What this task involves: Drop every picture. Return the rest of the entries exactly.

Recorded data:
──────────

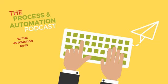Welcome to another episode of the Process and Automation Podcast with the Automation Guys. Today we are talking about the challenges that organizations face with their work processes and how automation platforms can help.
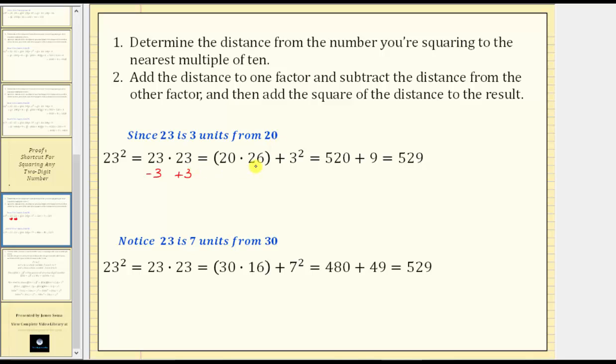20 times 26 equals 520. Three squared equals nine, which gives us 520 plus nine, which equals 529, which is 23 squared.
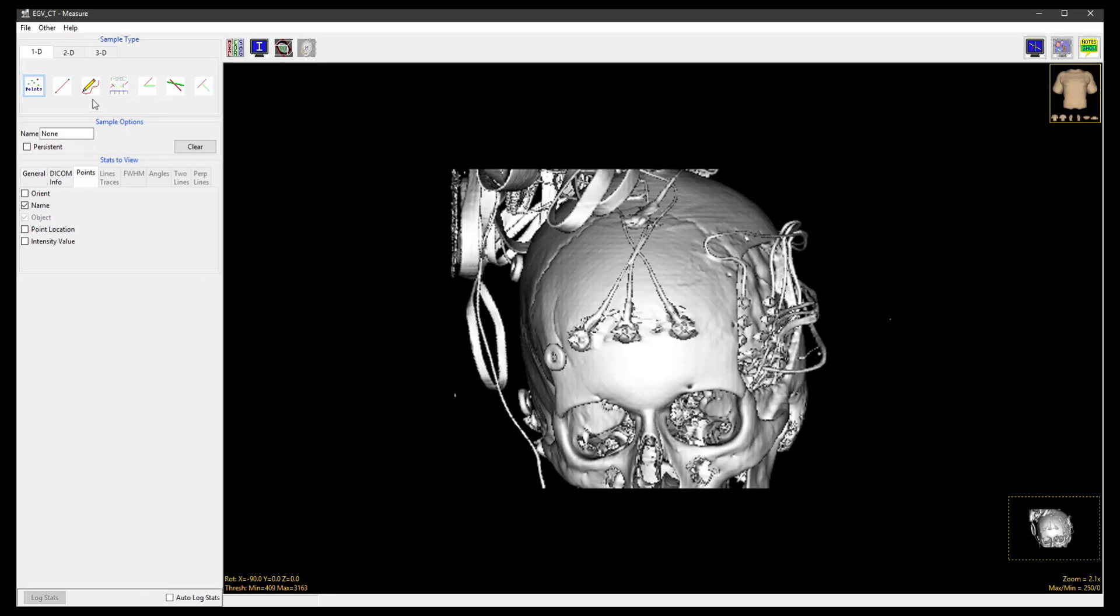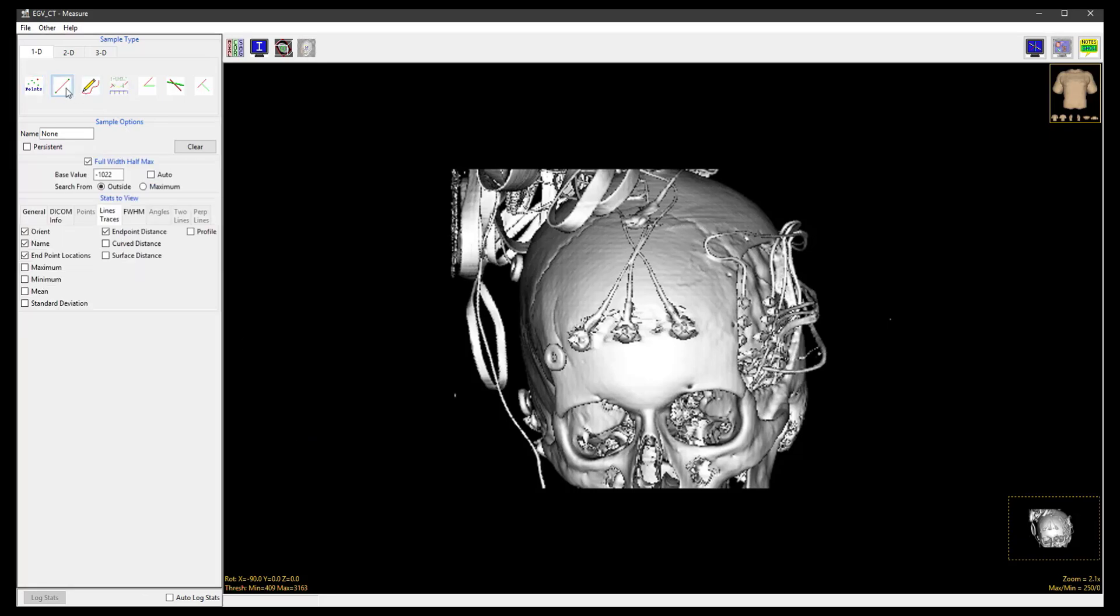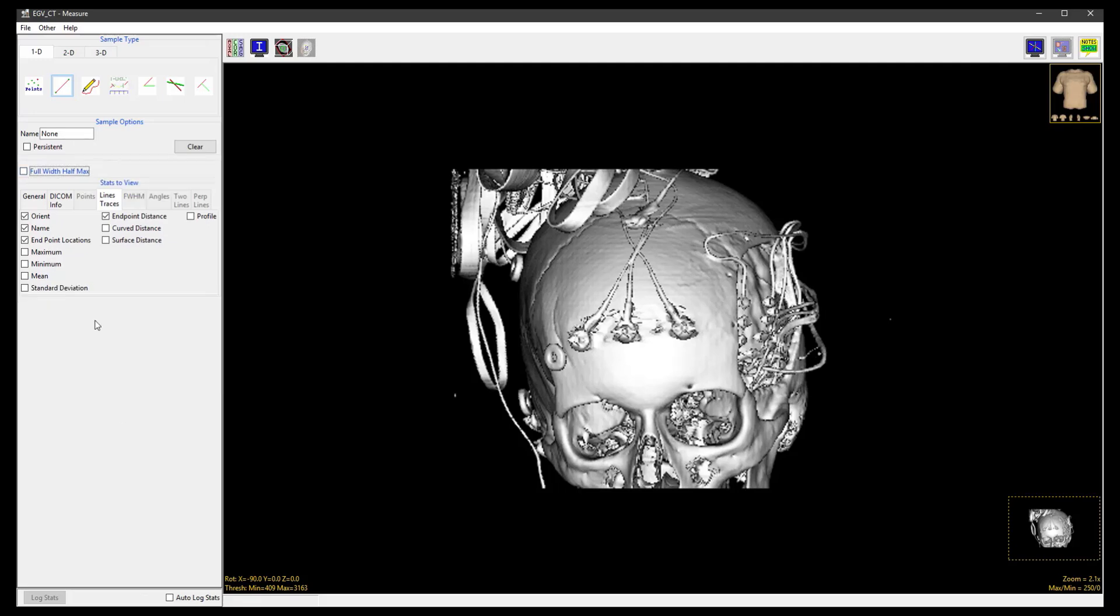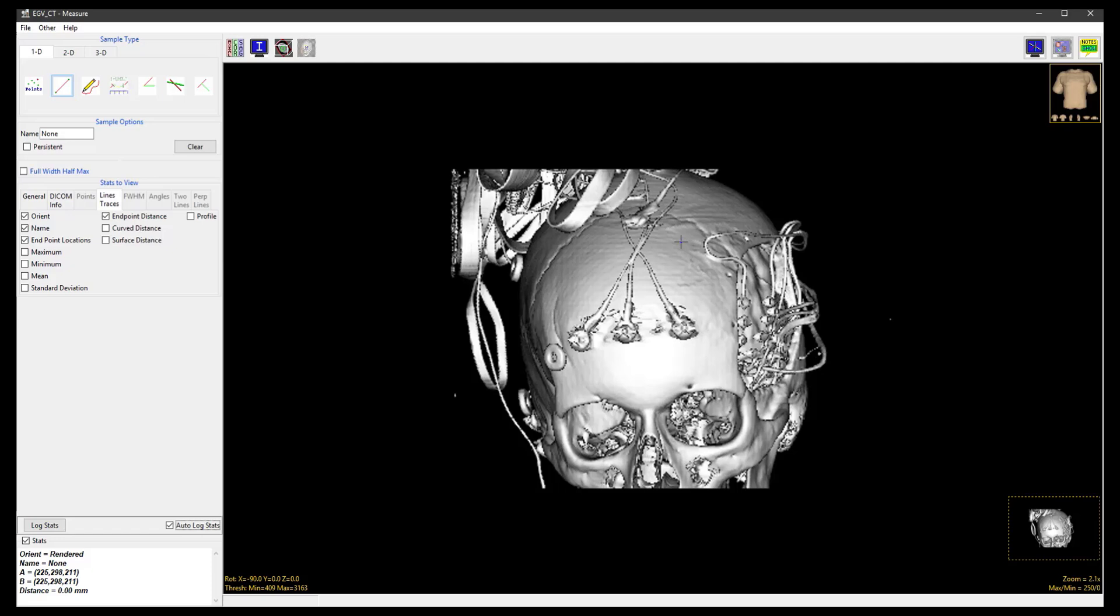From the 1D Sample type, select the Sample Lines tool. Check Auto Log Stats and trace a line on the skull by clicking on the start point and dragging to the end point.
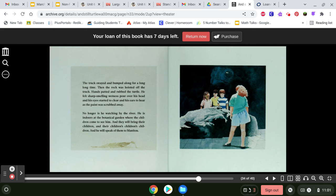The truck swayed and bumped along for a long, long time. Then the rock was hoisted off the truck. Hands patted and rubbed the turtle. He felt sharp-smelling wetness pour over his head, and his eyes started to clear and his ears to hear as the paint was scrubbed away.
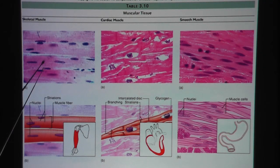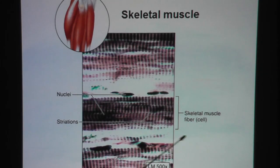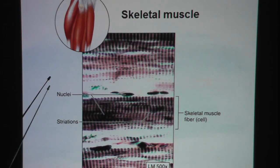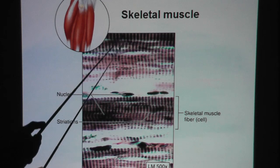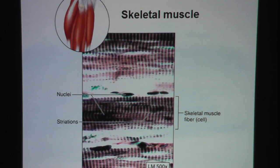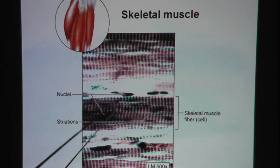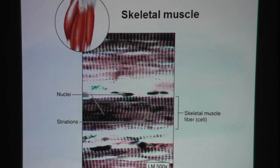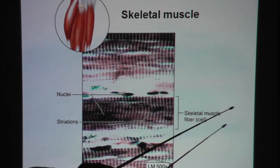On high power, as you can see, skeletal muscle has its unique stripes — very obvious. These stripes are called striations and they run parallel to each other. They also run perpendicular to the whole length of the muscle fiber.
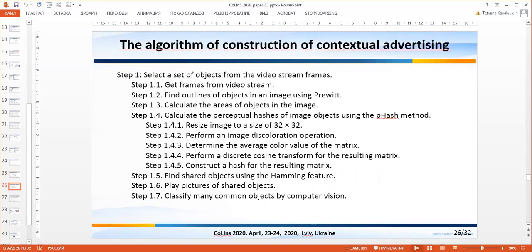Summarizing the previously discussed, we describe the general algorithm for analyzing the video stream and searching for relevant advertising. The current slide demonstrates the algorithm step-by-step.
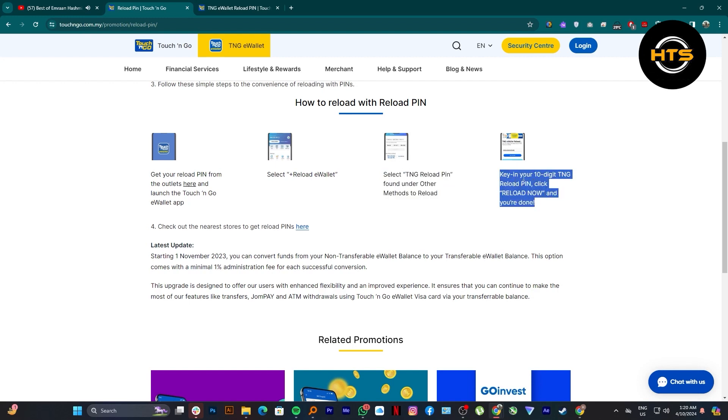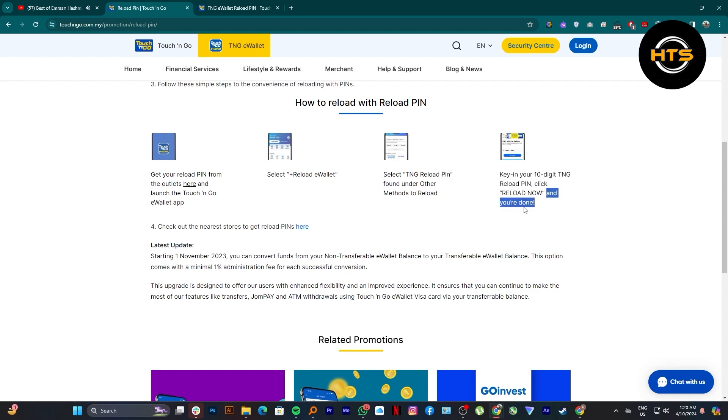Key in your 10 digit TNG reload pin. Click reload now and you are done. So that is exactly how to reload Touch and Go eWallet.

──────────

Reply:
Welcome to another episode of the Process and Automation Podcast with the Automation Guys. Today we are talking about the challenges that organizations face with their work processes and how automation platforms can help.
20 times 26 equals 520. Three squared equals nine, which gives us 520 plus nine, which equals 529, which is 23 squared.
From the 1D Sample type, select the Sample Lines tool. Check Auto Log Stats and trace a line on the skull by clicking on the start point and dragging to the end point.
The truck swayed and bumped along for a long, long time. Then the rock was hoisted off the truck. Hands patted and rubbed the turtle. He felt sharp-smelling wetness pour over his head, and his eyes started to clear and his ears to hear as the paint was scrubbed away.
On high power, as you can see, skeletal muscle has its unique stripes — very obvious. These stripes are called striations and they run parallel to each other. They also run perpendicular to the whole length of the muscle fiber.
Summarizing the previously discussed, we describe the general algorithm for analyzing the video stream and searching for relevant advertising. The current slide demonstrates the algorithm step-by-step.
Key in your 10 digit TNG reload pin. Click reload now and you are done. So that is exactly how to reload Touch and Go eWallet.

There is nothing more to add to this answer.